Length: My target length has remained 300 words, but I've become a lot less stringent about it. 300 words is enough for a beginning, middle and end to a story. It is also about the right length to describe a problem, list the constraints, and explain why I made the decision I did. Sometimes I could get my thoughts out in 250 words, and that's fine. When something goes long, I usually try to cut them into multiple ~300 word installments, but sometimes splitting up doesn't make sense. I forced it a few times and they read poorly in hindsight, so if I run into it again (like this post) I just let those pieces run long.
Always Have A Featured Image: When I started writing I paid little attention to images, because the original focus is to have a written record I can search through. As it turned out, the featured image is really useful. First: it allows me to quickly skim through a set of posts just by their thumbnails, faster than reading each of their titles. Second: making sure I have at least one picture attached to every story is very helpful for jogging old memories. And sometimes, what I thought was a simple throwaway image became a useful wiring reference. I now believe pictures are a valuable part of documenting. Today's cell phone cameras are so much better than they were four years ago, it only takes a few seconds to snap a high quality picture.

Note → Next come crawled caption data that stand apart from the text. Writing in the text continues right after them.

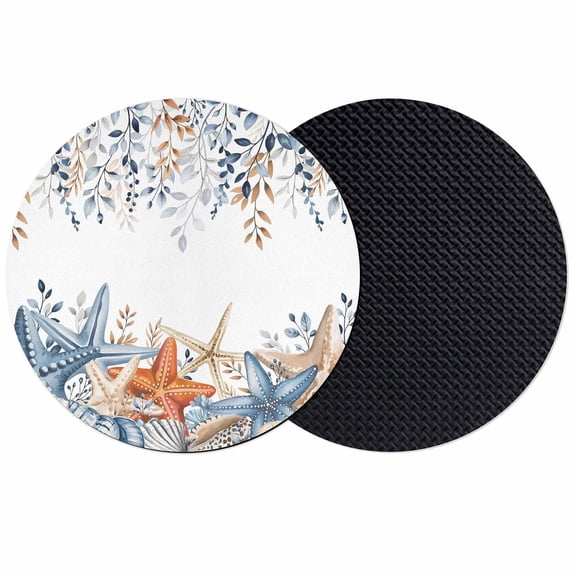Blue Coastal Coasters Set of 2, Absorbent Coasters for Drinks, Summer Beach Starfish Weeping Eucalyptus Coaster for Desk Coffee Table Protection, Home Decor House Warming Gifts 4"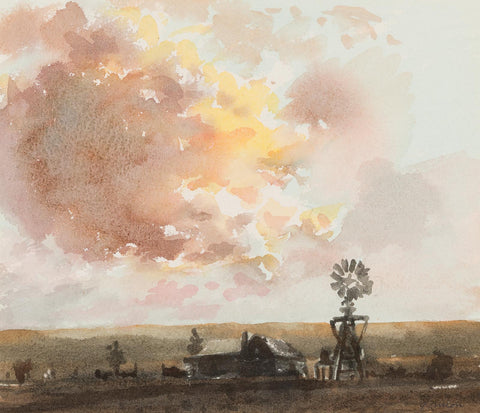 "Kansas Landscape w/Windmill" - Glannon
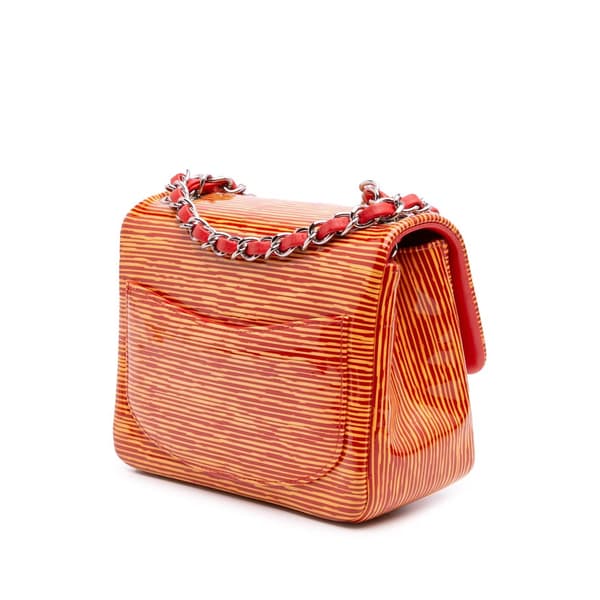 Pre-owned Chanel Mini Square Classic Patent Striped Single Flap Orange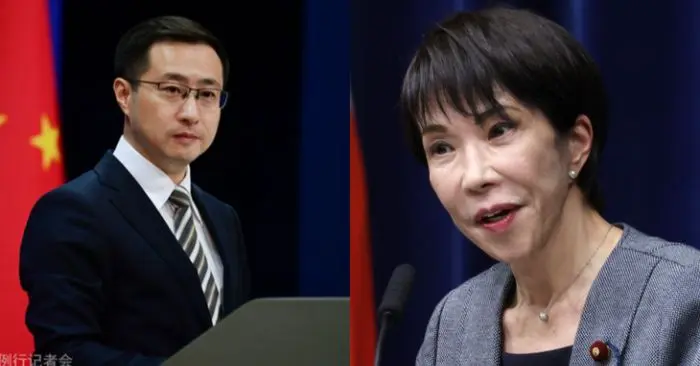 Người phát ngôn Bộ Ngoại giao Trung Quốc Lâm Kiếm và Thủ tướng Nhật Bản Takaichi Sanae tại một sự kiện ngoại giao. (Ảnh: Chụp màn hình báo Tuổi Trẻ)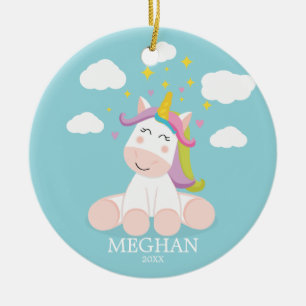 Ornement de Noël Licorne Mignonne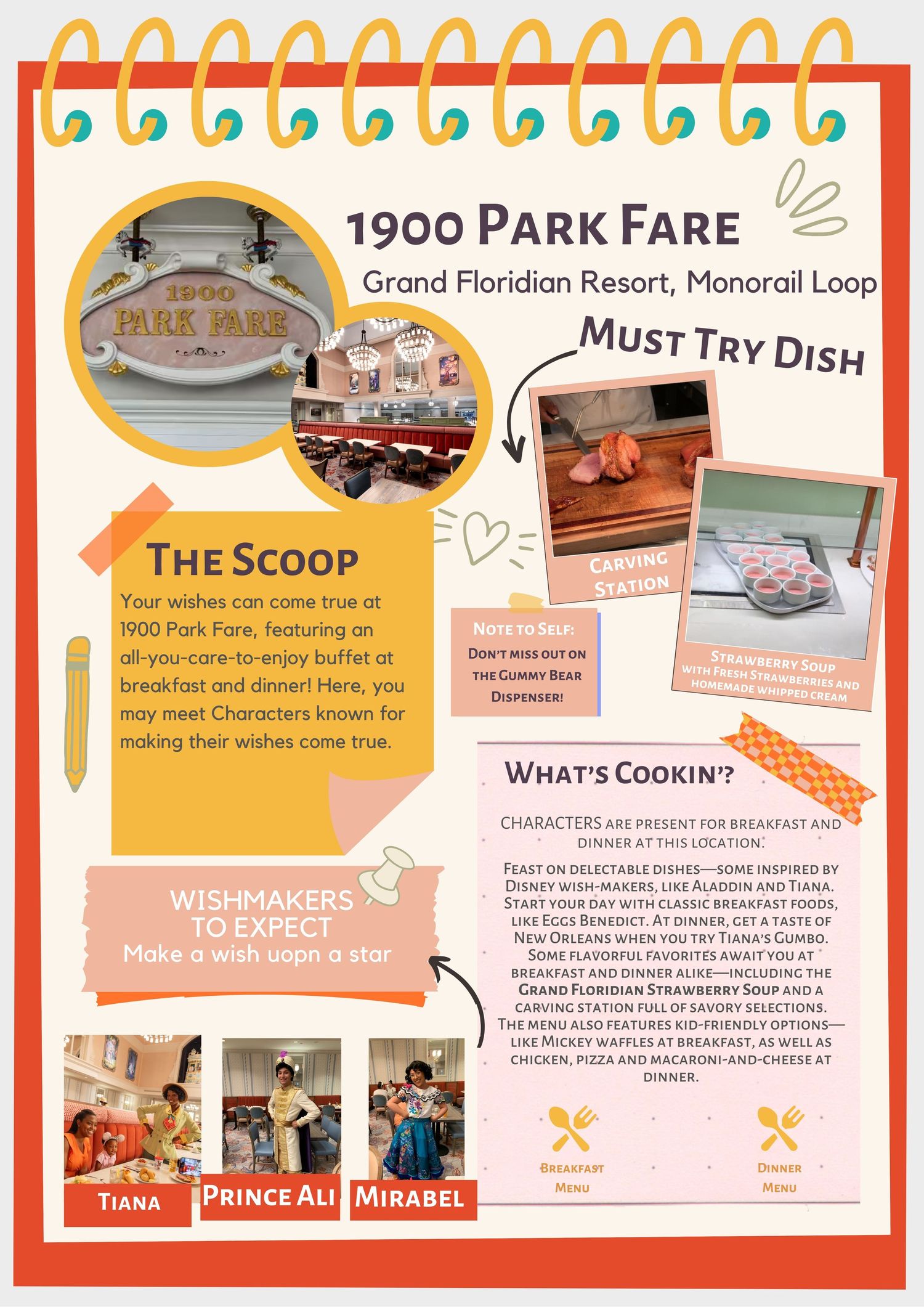 Vintage-style menu card featuring 1900 Park Fare restaurant details and must-try dishes at Grand Floridian Resort.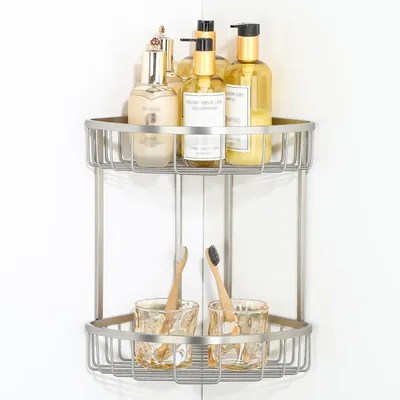 Image de Étagère d'angle pour douche, en acier inoxydable brossé, 320 mm, 2 niveaux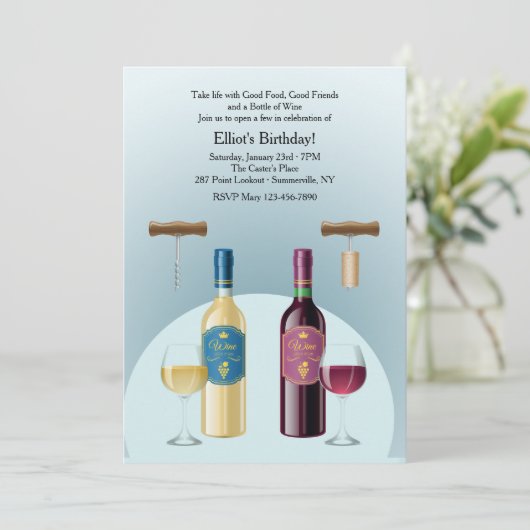 ワインの赤と白ボトル招待状 招待状 (スタンド正面)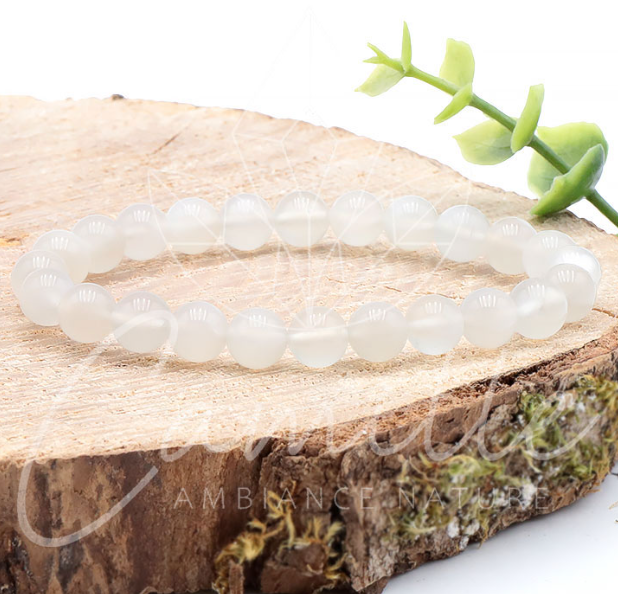Bracelet Pierre de lune beige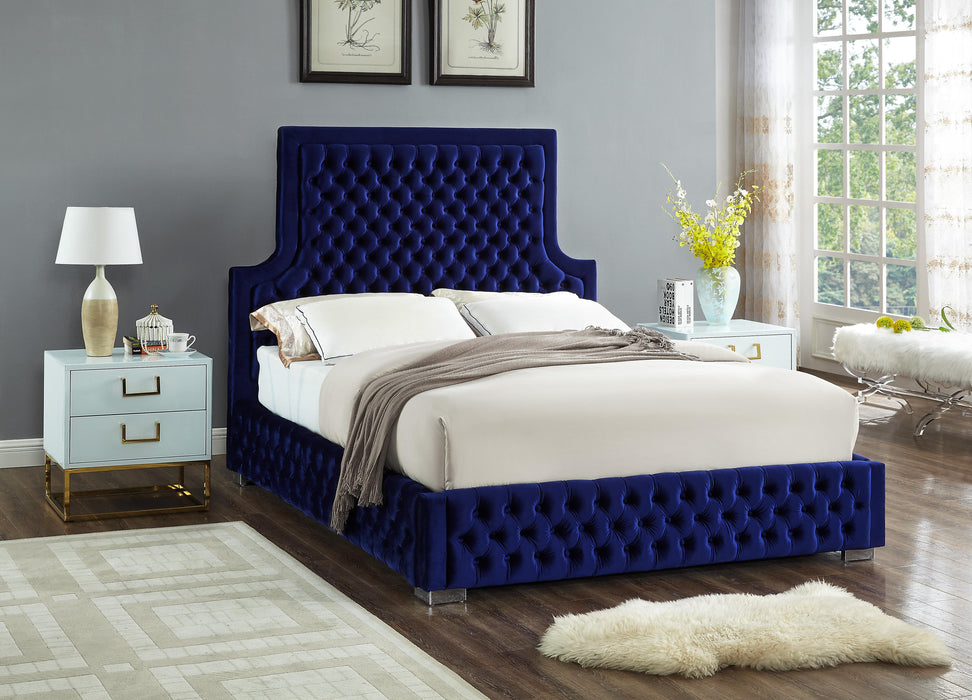 Sedona Navy Velvet Queen Bed - Royal Furniture & Gifts (MI) - Multi Location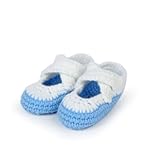 C-Princess 春秋赤ちゃんシューズ11CM 新生児 幼児 ベビーシューズ 毛糸 かぎ針編み可愛い2色配色柄デザインのベビーファーストシューズ 歩行靴 軽量タイプ 手編みベビー靴 (2ブルー)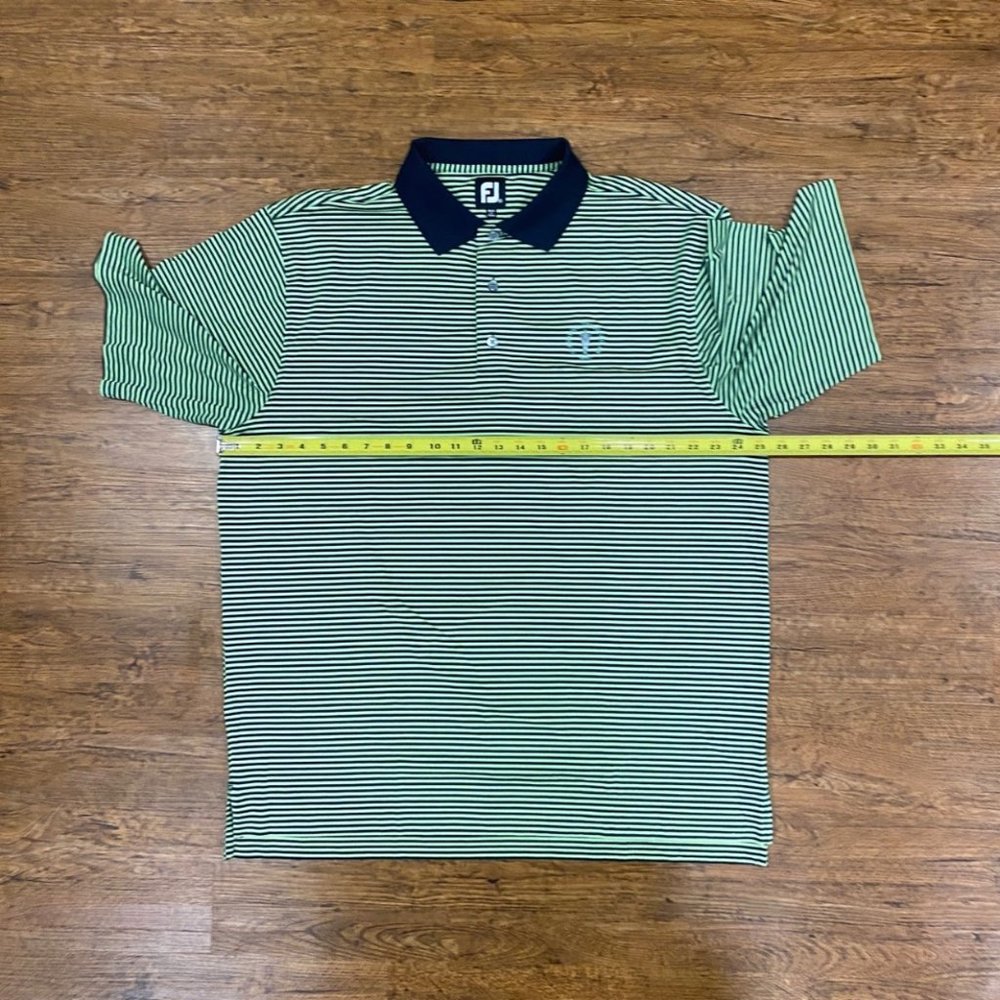 FootJoy FJ Blue Green Bengal Striped Performance Stretch Golf Polo Shirt Mens XL - Picture 10 of 10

Still figuring out video: While images may have been an afterthought, video was not a thought at all when I started. Right now I'm in the middle of exploring video as an supplement -- not a replacement -- for these written records. It is another tool to use when appropriate, and cell phone camera improvements helps on this front as well. The only hiccup today is that I can't directly embed video because VideoPress is only available to higher WordPress subscription tiers. As workarounds, short video clips are tweeted then embedded, and longer video clips are uploaded to YouTube and embedded. I expect video usage evolve rapidly as I experiment and see what works.
Use more tags, fewer categories: I started out trying to organize posts in categories, and that has become an unsatisfying mess representing a lot of wasted effort. When I want to find something I wrote, I go for the straight text search instead of browsing categories. And if I want to relate posts to each other in a search, I can use tags. It has advantage of arbitrary relations free of constraints imposed by a tree hierarchy.
Yet to stay with consistent voice: This is my blog about my own work, so I usually say "I". But sometimes I slip into talking about "we" because in my mind I'm talking to my future self.
Keep up the daily rhythm: Scheduling a post to go out once a day, every day, is the best way I've had to keep the momentum going. I tried going to slower rhythms, like every other day, and it never works. If I stop for a single day, I'm liable to stop for multiple days that drag to weeks without a post. Usually there's a good reason like a paid project that is consuming my time, but sometimes there isn't. I've learned it is very easy to lose my momentum.
If it was interesting enough to take time, it's interesting enough to write: I now describe tasks that took time, multiple searches, and multiple tries, before I found the solution. My original reasoning for not writing them down is the that since I found all the information online, my blog post won't have anything new that people can't find themselves. But there have been a few episodes where I forgot the solution and had to repeat the process again, and I was unhappy I didn't write it down earlier. I've learned my lesson. Now if it took a nontrivial amount of time, I'll at least jot down a few details in my "Drafts" folder for expanding to a full blog post later. Some of these are still sitting as a draft, but at least in that state they are still searchable.